_Exercise inputs_
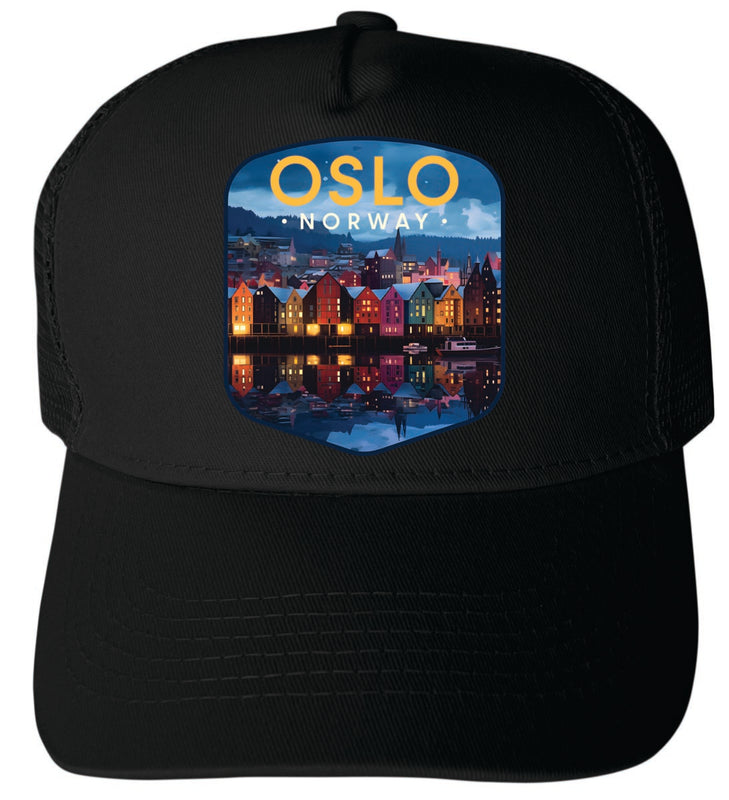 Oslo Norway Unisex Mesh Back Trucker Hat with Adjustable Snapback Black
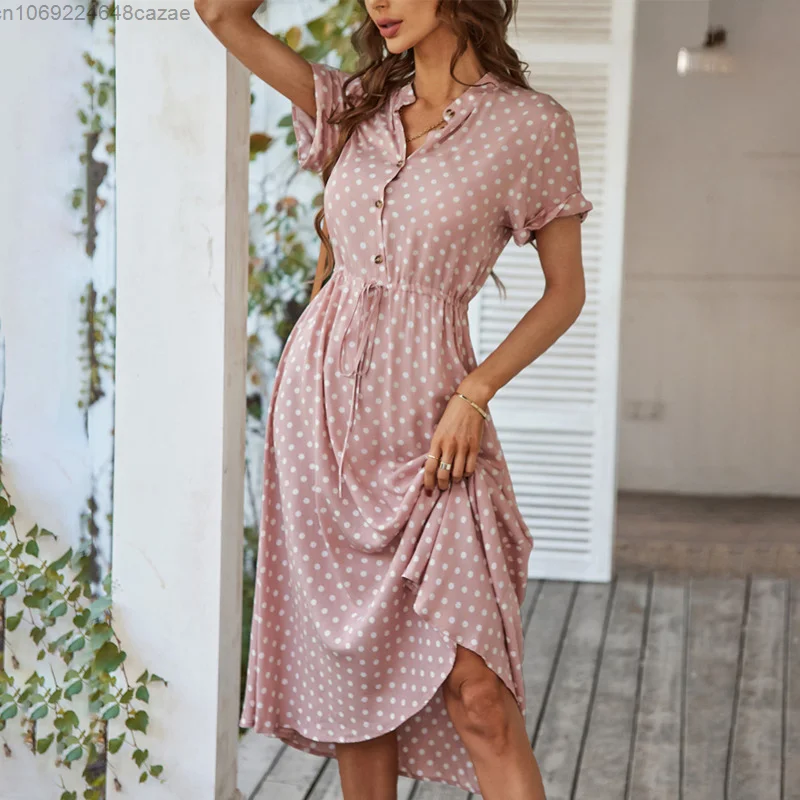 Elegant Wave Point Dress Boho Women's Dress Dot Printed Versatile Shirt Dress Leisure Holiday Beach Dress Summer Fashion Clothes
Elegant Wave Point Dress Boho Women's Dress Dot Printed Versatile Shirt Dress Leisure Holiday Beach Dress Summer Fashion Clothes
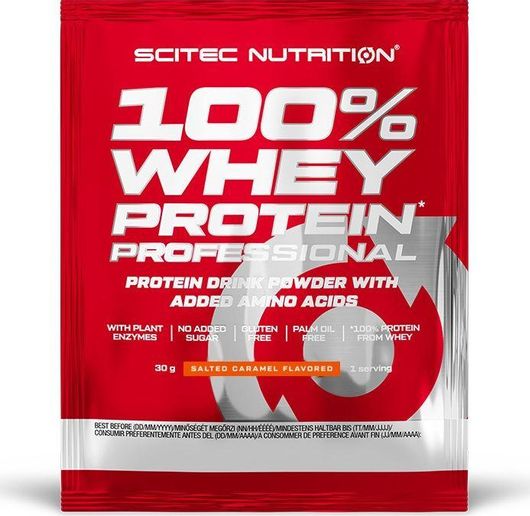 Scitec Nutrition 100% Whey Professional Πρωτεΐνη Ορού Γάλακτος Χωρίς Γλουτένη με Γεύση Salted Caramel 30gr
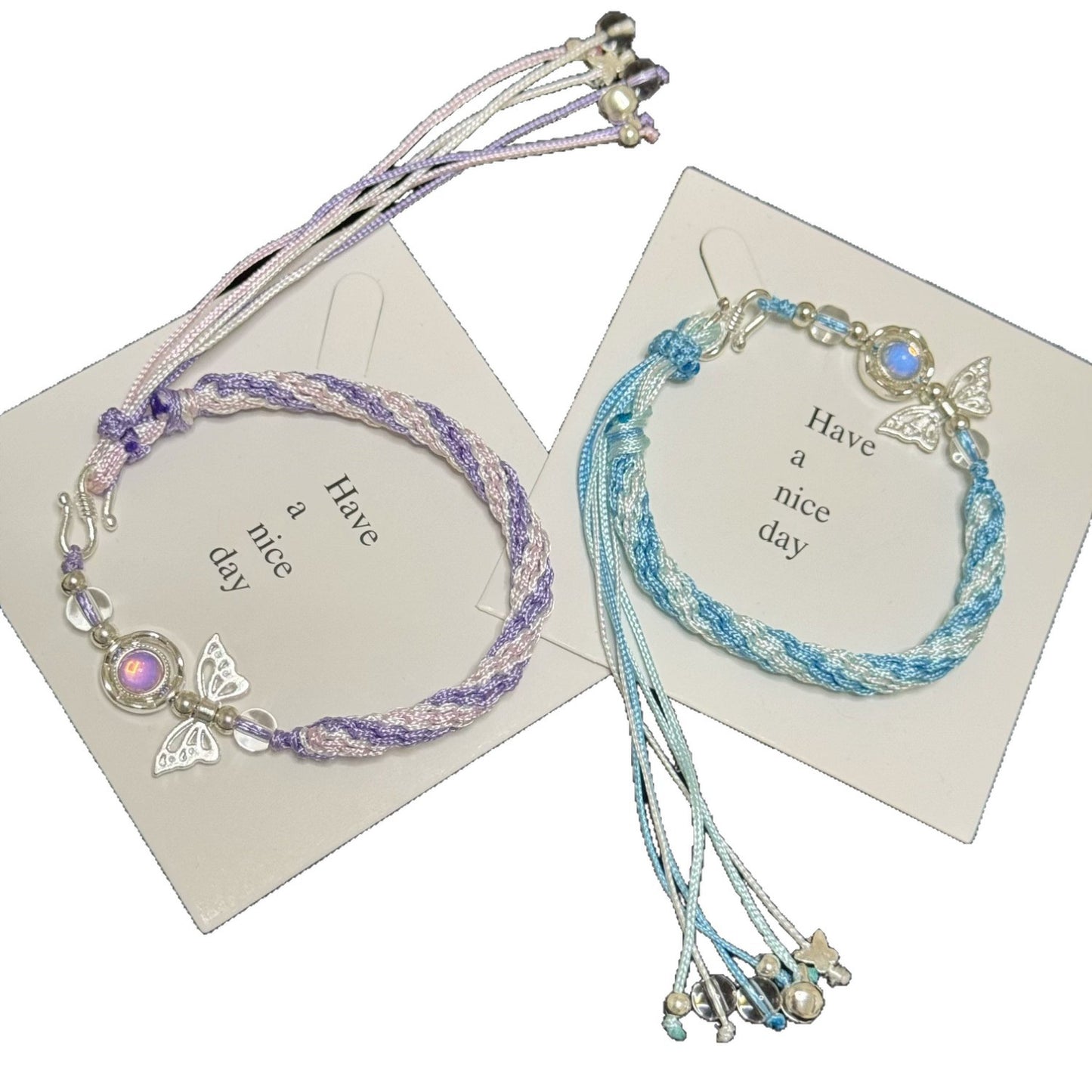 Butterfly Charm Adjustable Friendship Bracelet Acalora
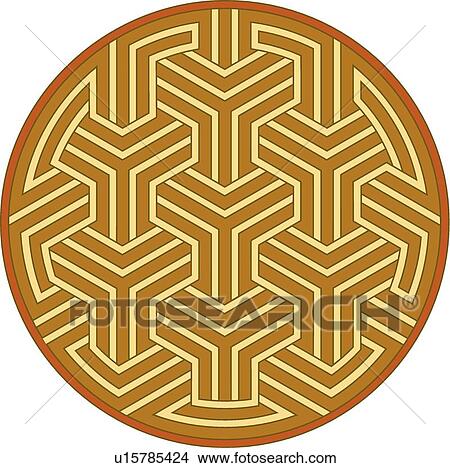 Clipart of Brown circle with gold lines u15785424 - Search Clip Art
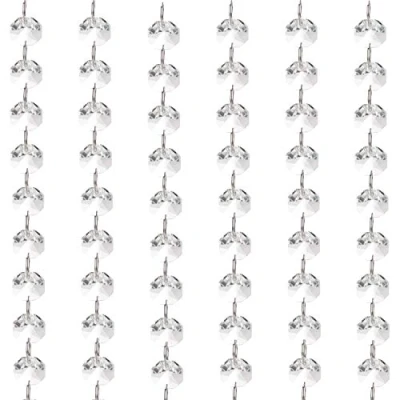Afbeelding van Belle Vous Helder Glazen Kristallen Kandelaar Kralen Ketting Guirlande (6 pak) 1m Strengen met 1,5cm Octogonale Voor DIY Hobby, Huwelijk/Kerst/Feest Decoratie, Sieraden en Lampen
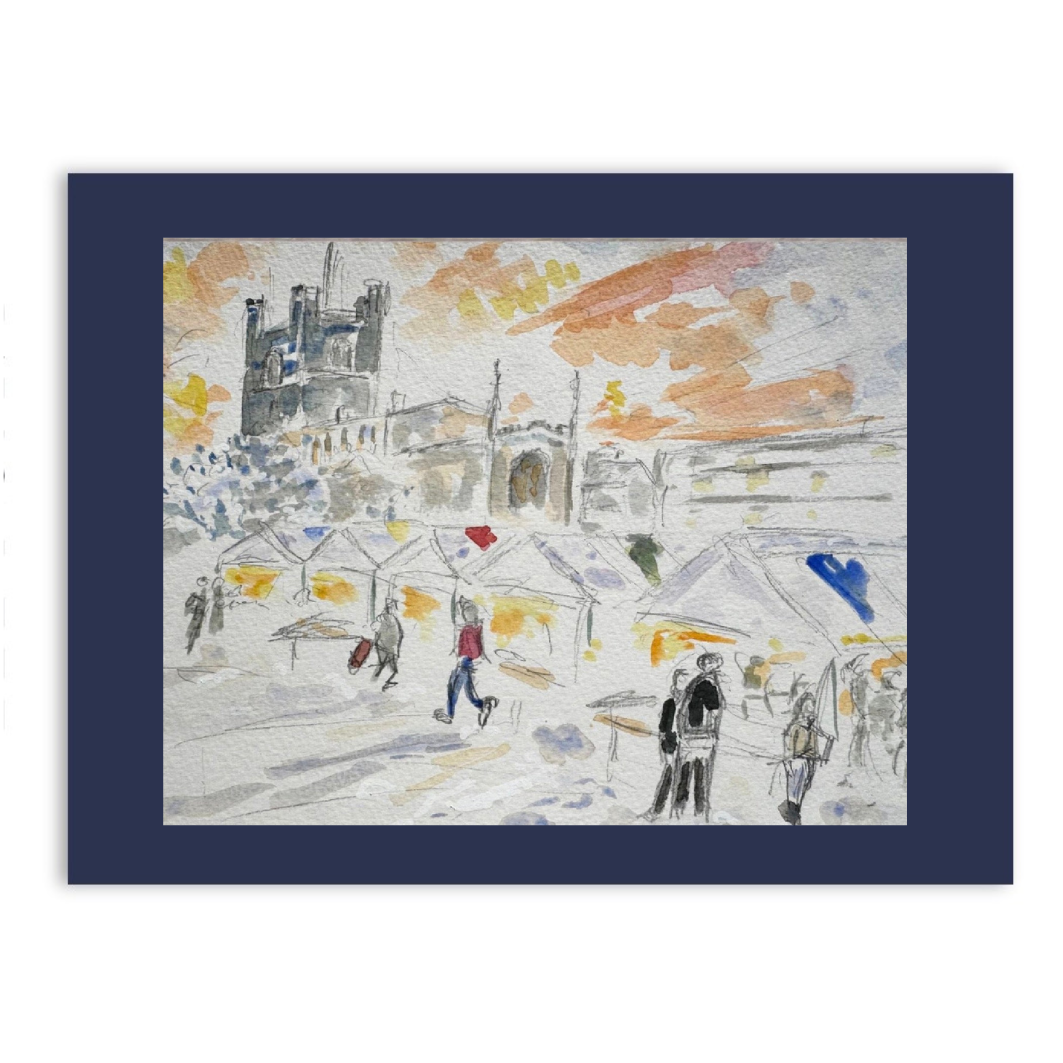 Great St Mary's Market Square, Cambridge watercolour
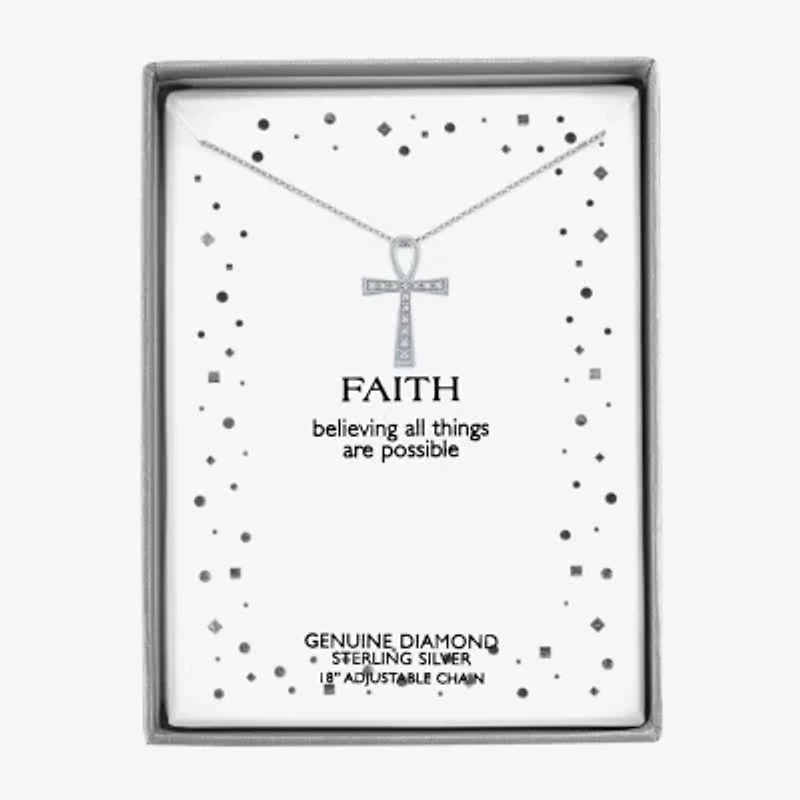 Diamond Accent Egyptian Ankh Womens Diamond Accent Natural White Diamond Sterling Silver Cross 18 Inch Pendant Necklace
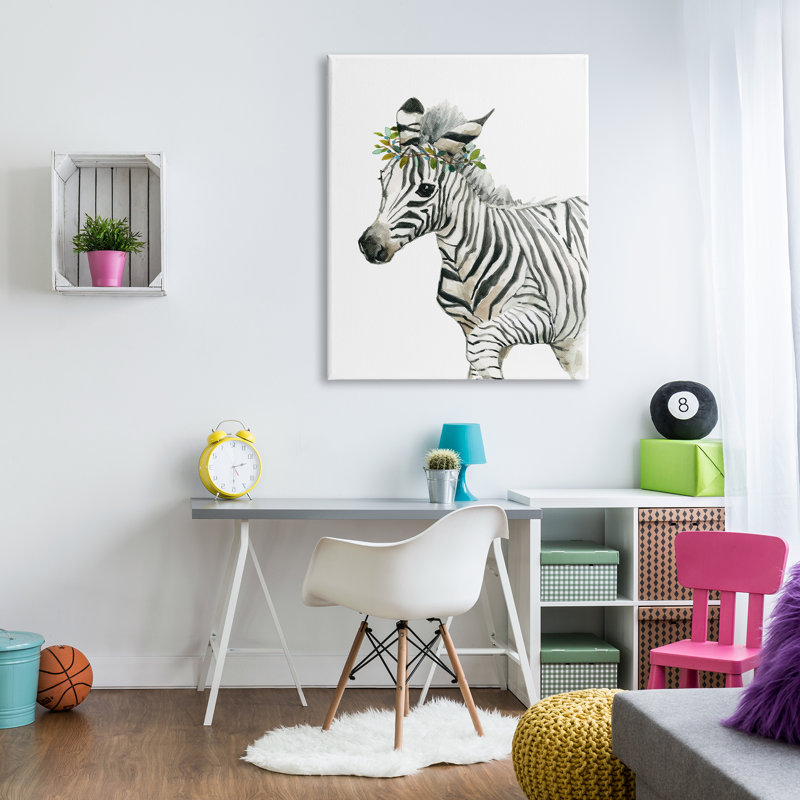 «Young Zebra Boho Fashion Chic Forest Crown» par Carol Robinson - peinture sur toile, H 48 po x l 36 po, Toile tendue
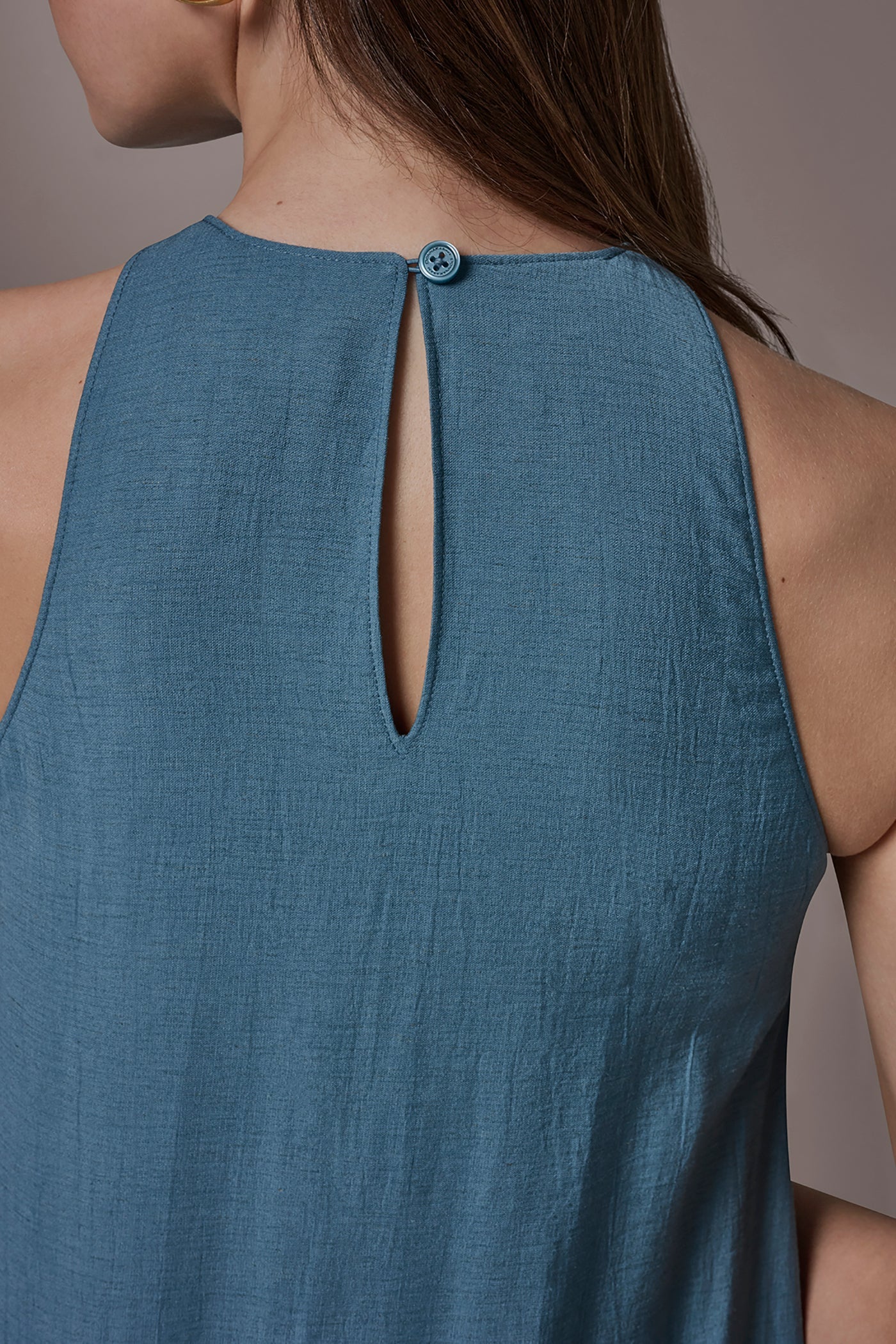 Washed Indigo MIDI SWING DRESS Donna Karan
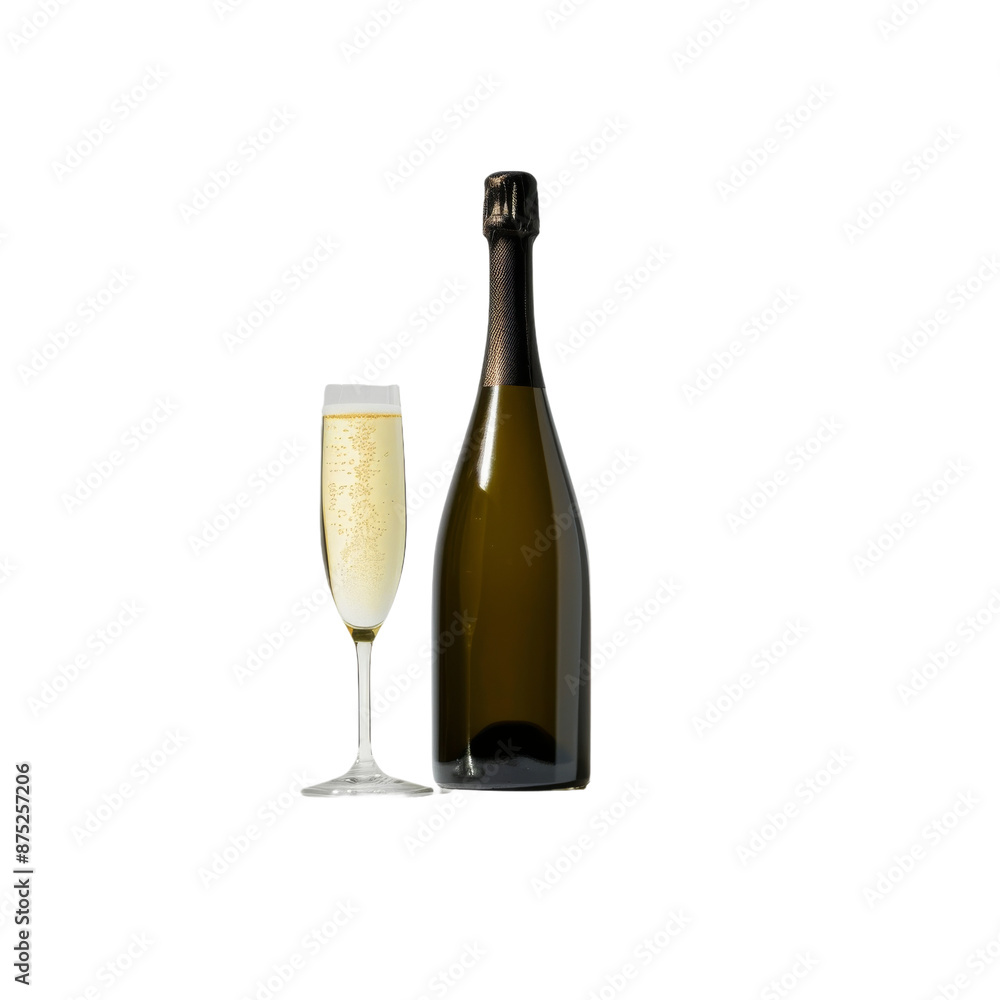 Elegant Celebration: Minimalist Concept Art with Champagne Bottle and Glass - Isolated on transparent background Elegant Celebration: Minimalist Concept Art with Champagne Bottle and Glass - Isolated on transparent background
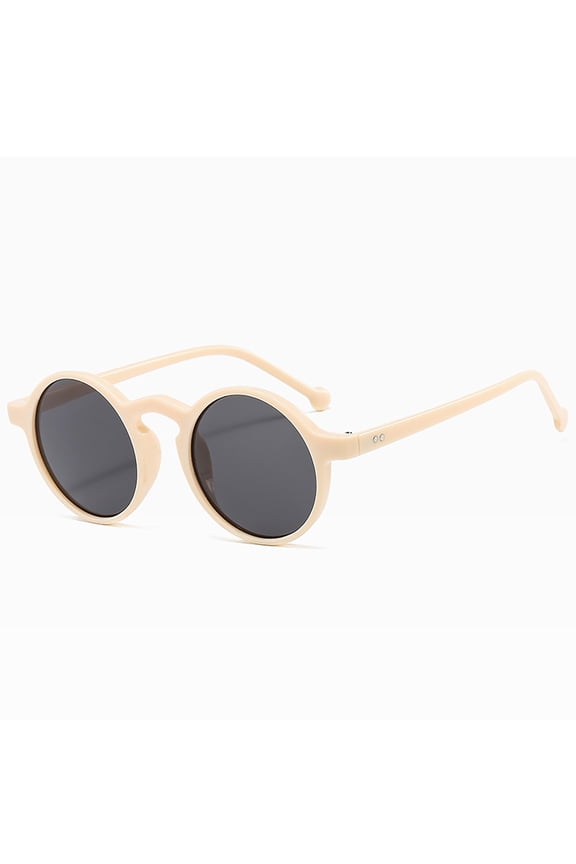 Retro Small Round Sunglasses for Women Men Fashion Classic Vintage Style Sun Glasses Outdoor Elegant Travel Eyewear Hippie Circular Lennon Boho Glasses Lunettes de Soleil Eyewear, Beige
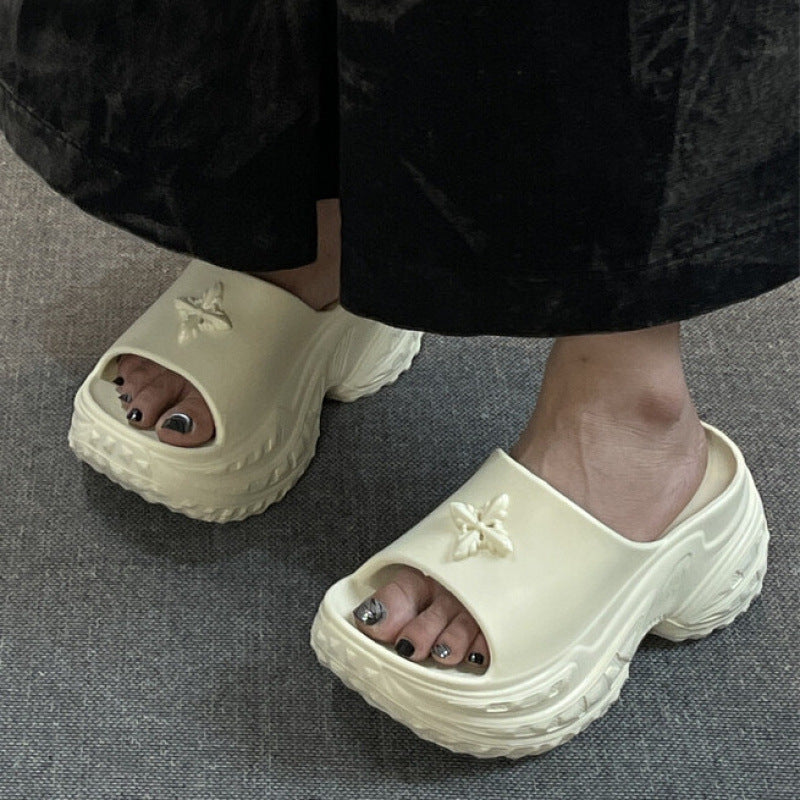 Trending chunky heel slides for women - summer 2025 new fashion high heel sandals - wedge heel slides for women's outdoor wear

_What to do_
The lines to be extracted begin at the line containing "Butterfly Charm Adjustable" and continue through the final line of the material above, both ends included. Reproduce them exactly, without the pictures.

_Exercise solution_
 Butterfly Charm Adjustable Friendship Bracelet Acalora
 Clipart of Brown circle with gold lines u15785424 - Search Clip Art
Afbeelding van Belle Vous Helder Glazen Kristallen Kandelaar Kralen Ketting Guirlande (6 pak) 1m Strengen met 1,5cm Octogonale Voor DIY Hobby, Huwelijk/Kerst/Feest Decoratie, Sieraden en Lampen
 Great St Mary's Market Square, Cambridge watercolour
 Diamond Accent Egyptian Ankh Womens Diamond Accent Natural White Diamond Sterling Silver Cross 18 Inch Pendant Necklace
 «Young Zebra Boho Fashion Chic Forest Crown» par Carol Robinson - peinture sur toile, H 48 po x l 36 po, Toile tendue
 Washed Indigo MIDI SWING DRESS Donna Karan
 Elegant Celebration: Minimalist Concept Art with Champagne Bottle and Glass - Isolated on transparent background Elegant Celebration: Minimalist Concept Art with Champagne Bottle and Glass - Isolated on transparent background
 Retro Small Round Sunglasses for Women Men Fashion Classic Vintage Style Sun Glasses Outdoor Elegant Travel Eyewear Hippie Circular Lennon Boho Glasses Lunettes de Soleil Eyewear, Beige
 Trending chunky heel slides for women - summer 2025 new fashion high heel sandals - wedge heel slides for women's outdoor wear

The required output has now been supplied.